Michael Miley et Rival Sons ont toutes les cartes en jeu pour ravir les adèptes des seventies, par leur capacité à naviguer dans les sphères old school (Cream, Led Zeppelin, Hendrix…) sans pour autant paraître rétrogrades. Notre batteur, à l’image de son groupe, sonne simplement « vrai ». Alors pour tous ceux qui restent hermétiques au rock peauffiné à l’extrême et noyé par les effets, suivez le guide…

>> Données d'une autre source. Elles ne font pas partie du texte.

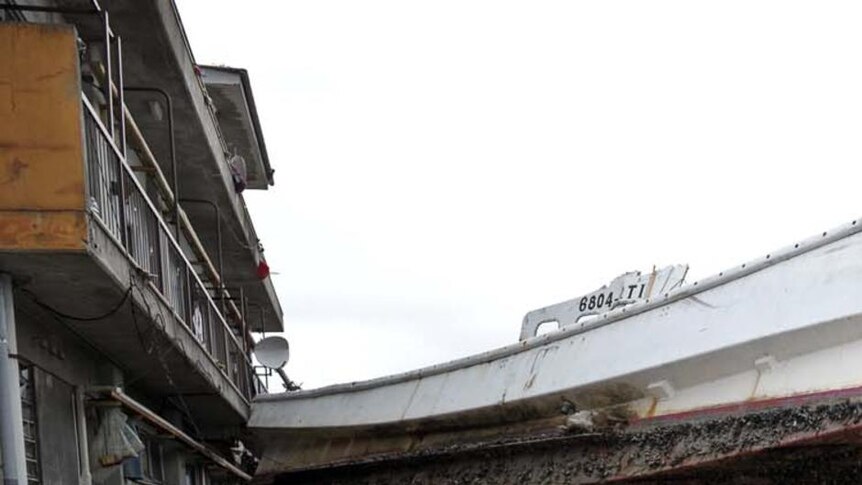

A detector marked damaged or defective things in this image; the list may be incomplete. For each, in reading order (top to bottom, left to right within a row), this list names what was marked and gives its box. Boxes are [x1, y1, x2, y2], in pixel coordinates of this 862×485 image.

damaged apartment building [0, 1, 286, 482]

Peux-tu raconter tes débuts ?
Mon père était guitariste et passionné de Clapton (que se soit avec Cream ou non), Steely Dan, Toto, Phil Collins, Jackson Browne, The Eagles… La musique a toujours fait partie de mon environnement et mon père a joué un rôle primordial dans mon apprentissage. Je me souviens avoir été marqué par le titre « Hold The Line » de Toto et par The Wall des Pink Floyd. Dès l’âge de quatre ans, voyant mon intérêt pour la musique, il m’a inculqué les premières notions de rythme ; et c’est ainsi que j’ai réalisé mon tout premier beat, celui de « Billie Jean » de Michael Jackson. Il me disait de bien l’assimiler car il me servirait de base pour appréhender n’importe quel autre morceau. Dès l’âge de seize ans, je décide de quitter le football (ma seconde passion), pour ne consacrer mon temps libre qu’à la batterie. J’ai fait mes premières armes dans des formations de jazz et la fanfare de mon lycée. Après avoir obtenu mon diplôme universitaire avec en prime un prix de percussions, je décide de déménager à Hollywood dans le but de faire de la batterie mon métier. C’est là que j’ai rencontré le guitariste Scott Holiday avec qui j’ai formé Rival Sons.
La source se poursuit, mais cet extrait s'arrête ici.